Wie uns ja allen hinlänglich bekannt ist, kommt der ungeliebte Nachbar aus der Vorstadt. Wir haben ja neben der Liebe zur Musik auch eine Liebe für Geografie, da bietet ein Song, der beim Derby immer gespielt wird, besonders viel Anlass sich einmal näher damit zu beschäftigen. Wie immer gilt, dass dies auch bitte mit einem Zwinkern zu lesen ist. Nehmt es nicht zu ernst.
Hier erstmal der Text. Die Wiederholungen des Refrains sind bewusst raus gelassen.
Ich hab ’nen harten Tag gehabt
Und musste noch mal raus
Mit der S-Bahn in die Innenstadt
Am Hafen steig ich aus
Ich hab noch ein paar Bier dabei
Und setz mich an die Pier
Die Schiffe und der Lichterglanz
Ich denke so bei mir
Mein Hamburg lieb ich sehr
Sind die Zeiten auch oft schwer
Weiß ich doch, hier gehör ich her
Hier, wo ich geboren bin
Wo ich spielte schon als Kind
In den Straßen die mein Zuhause sind
Vom Volkspark übern Alsterlauf
Bis zum Öjendorfer See
Von Norderstedt bis Rönneburg
Das ist mein Revier
Mein Wohnzimmer das ist der Kietz*
Die Neustadt mein Büro
Die Elbterasse mein Balkon
Die Veddel is mein Klo
In Glasgow hat’s mir gut gefallen
Auch London war okay
Und Belfast war voll Herzlichkeit
Der Abschied tat mir weh
Doch wenn ich von der Autobahn
Die Köhlbrandbrücke seh
Den Michel und den Fernsehturm
Dann will ich nie mehr gehen
Dann wollen wir uns dieses “Meisterwerk” mal anschauen.

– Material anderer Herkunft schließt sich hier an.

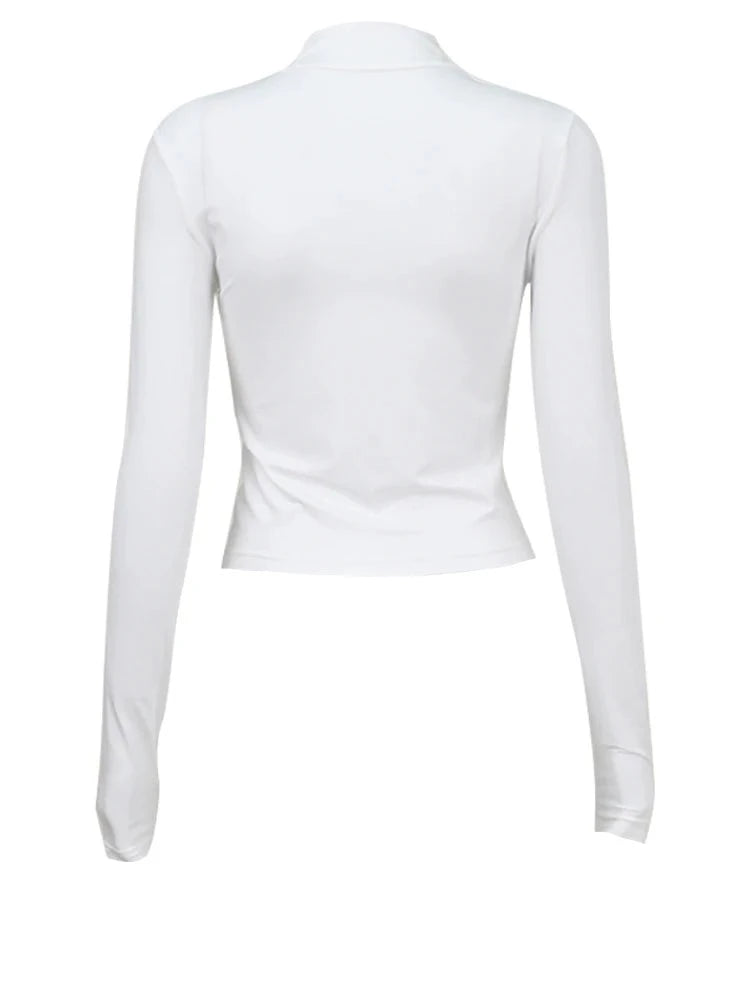 White Collar Front Zip-Up Jacket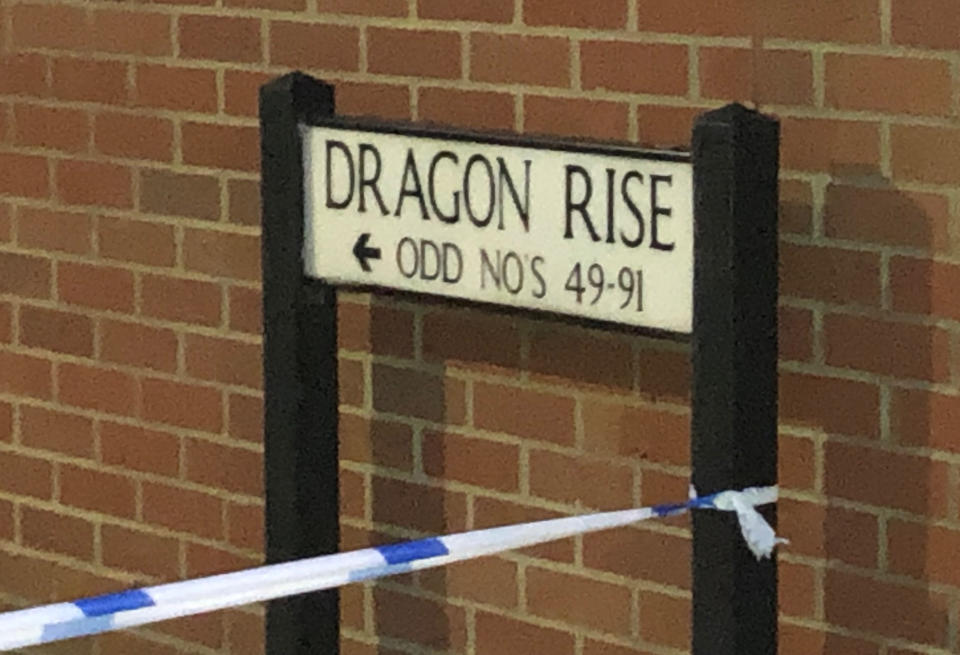 Police tape around the street sign for Dragon Rise in Norton Fitzwarren, a man and woman, both in their 30s, were found with serious injuries at an address in Dragon Rise in Norton Fitzwarren at around 9.45pm on Sunday. Picture date: Monday November 22, 2021.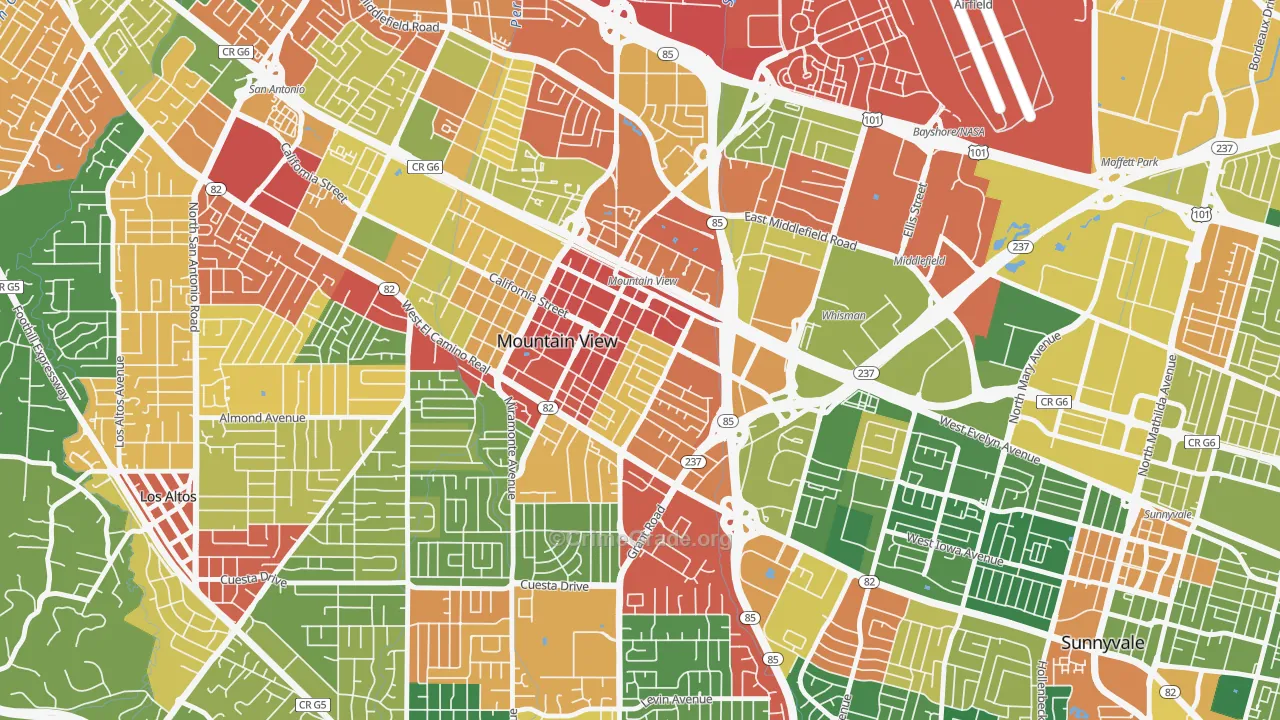 Old Mountain View, Mountain View, CA Map of Theft Rates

Ich hab ’nen harten Tag gehabt
Und musste noch mal raus
Mit der S-Bahn in die Innenstadt
Am Hafen steig ich aus
Ich hab noch ein paar Bier dabei
Und setz mich an die Pier
Die Schiffe und der Lichterglanz
Ich denke so bei mir
*Kietz mit TZ => Alle Quellen, die wir im Internet finden haben diesen Fehler drin. Auch wenn der Text bei Rautenfanclubs etc. zitiert ist. Es gibt aber online kein offizielles Textheft, so dass das auch ein Transkriptionsfehler sein kann.

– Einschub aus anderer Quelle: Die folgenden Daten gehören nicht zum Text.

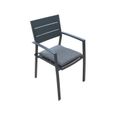 Ensemble table et chaises de jardin extensible en aluminium anthracite 216/300cm - AVRIL PARIS-2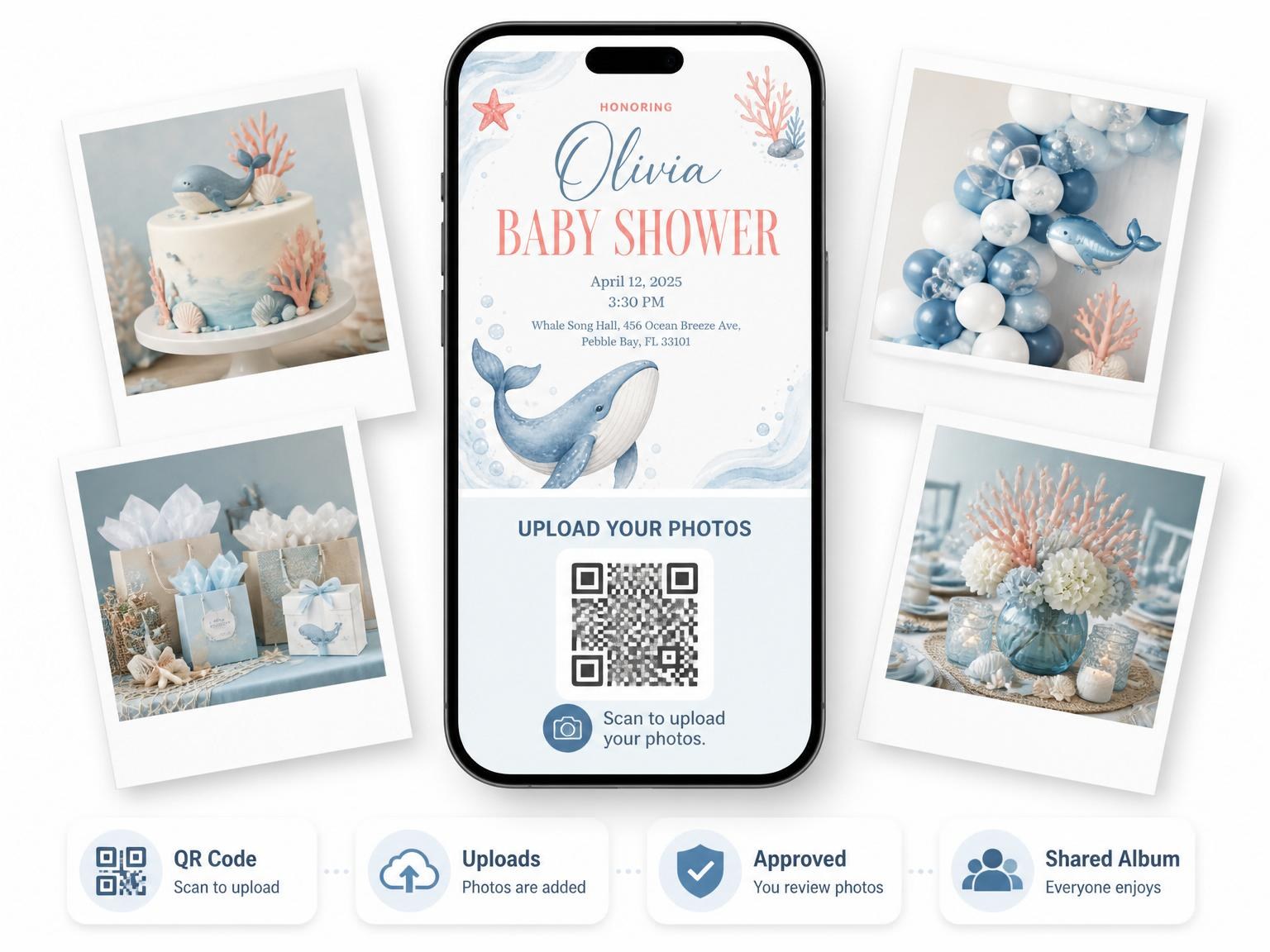 The shared photo gallery that comes with the Blue Watercolor Whale Baby Shower invitation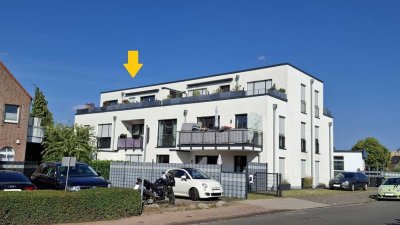 91qm 3 Zi. Penthouse mit gr. Dachterrasse zentral in Haltern, KfW 55, EBK, Aufzug, Garage, Wallbox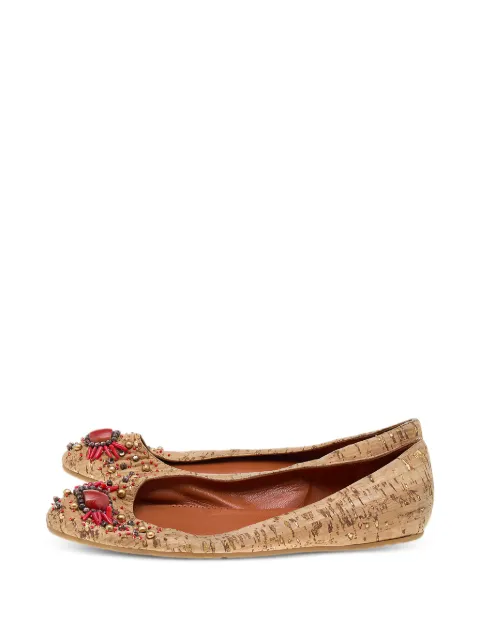 Oscar de la Renta Pre-Owned embellished ballet flats Neutrals 589291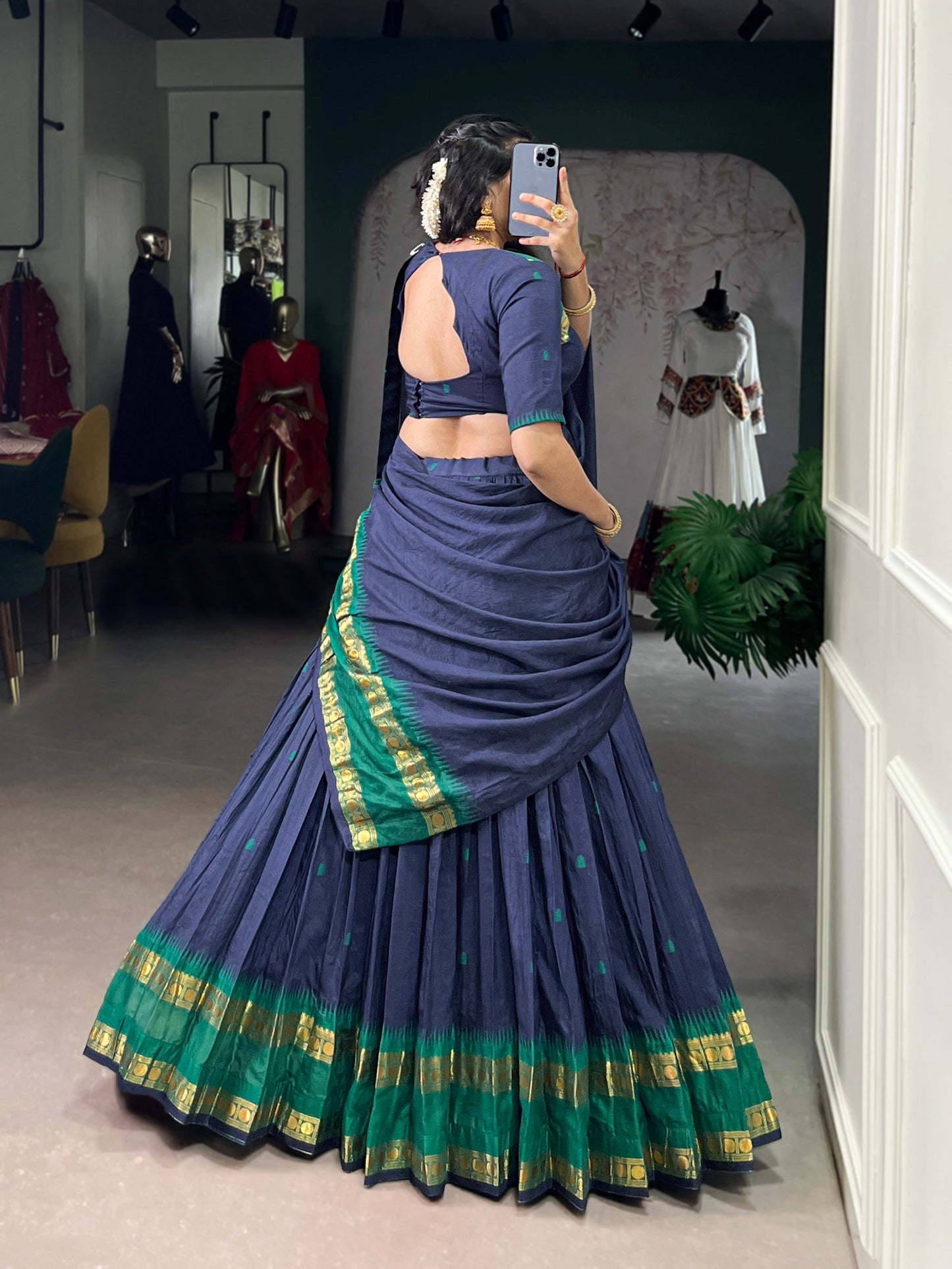 Lorenvalley Fashion Navy Blue Pure Chanderi Zari Weaving Work Lehenga Choli with Dupatta - Swadesiicart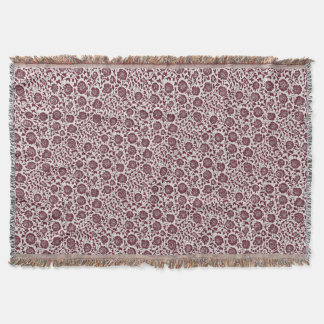 Wine and Ivory Chrysanthemum Throw Blanket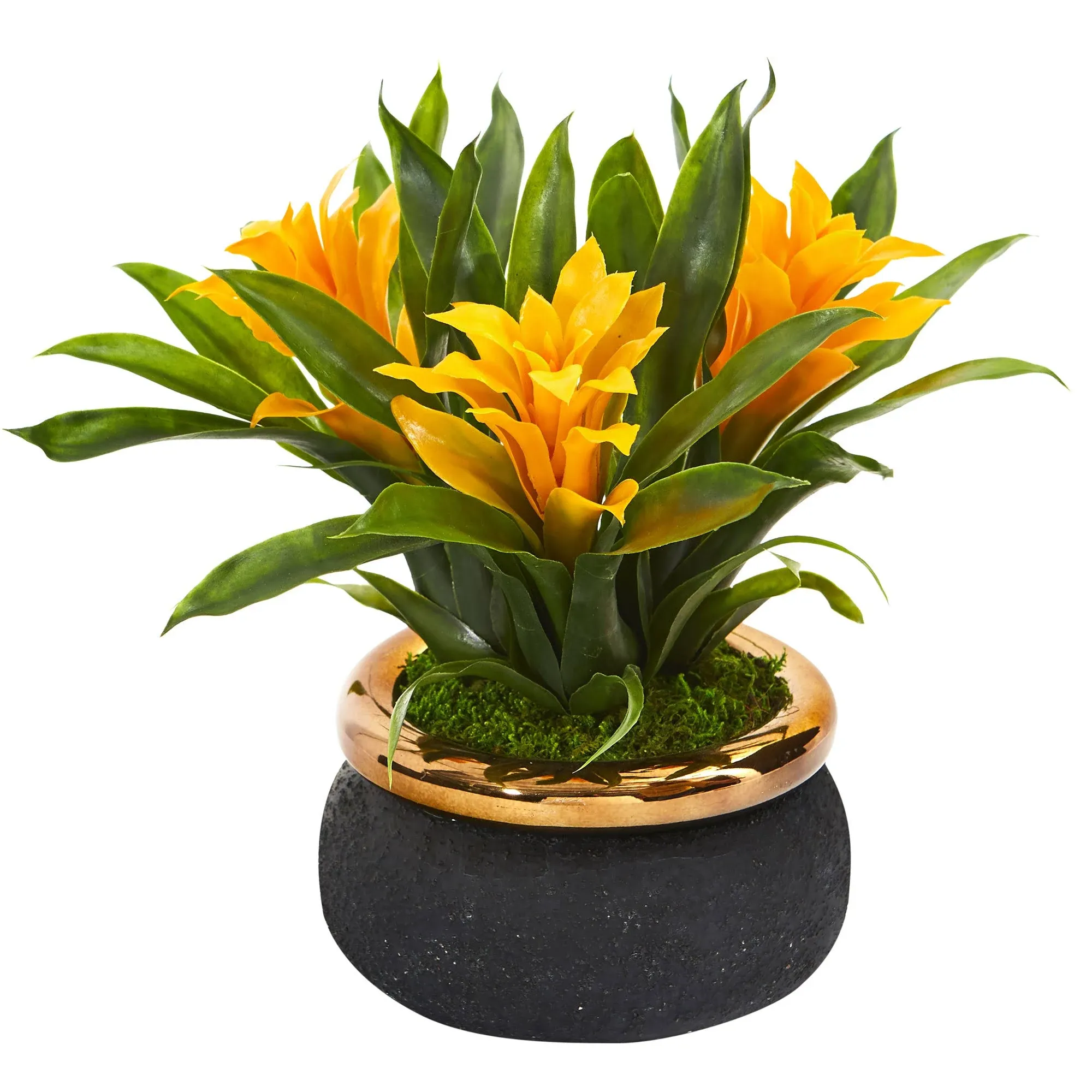 Nearly Natural 11in. Bromeliad Artificial Plant in Stoneware Planter - Purple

In Strophe eins und zwei beschreibt das lyrische-Ich, dass es einen schlechten Tag hatte und zum Entspannen und Runterkommen an den Hafen fährt. Da er mit der S-Bahn in die Innenstadt fährt und am Hafen aussteigt, ist davon auszugehen, dass es sich um die Haltestelle Landungsbrücken handelt. Und hier sind wir schon beim Zwiespalt des HSV seins. Auf der einen Seite überall kundtun und große Schwenkfahnen malen wie scheiße man St. Pauli findet und dann auf der anderen Seite zur Entspannung ins Viertel fahren. Schon scheiße, wenn das eigene Stadion so weit draußen am Arsch der Heide liegt, dass man für alles, was man als schön empfindet, in die Innenstadt fahren muss. Oder habt ihr da draußen nichts, was euch gefällt?

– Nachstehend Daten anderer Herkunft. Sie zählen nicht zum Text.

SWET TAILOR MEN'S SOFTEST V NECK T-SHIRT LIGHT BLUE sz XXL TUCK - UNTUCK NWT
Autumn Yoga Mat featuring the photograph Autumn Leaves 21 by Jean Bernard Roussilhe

Vom Volkspark übern Alsterlauf
Bis zum Öjendorfer See
Von Norderstedt bis Rönneburg
Das ist mein Revier
In Strophe drei werden nun die Grenzen der angeblich so geliebten Stadt beschrieben. Schauen wir uns dies auf einer Karte einmal an. Wenn man all die genannten Orte mit einander verbindet kommt man zu diesem Ergebnis.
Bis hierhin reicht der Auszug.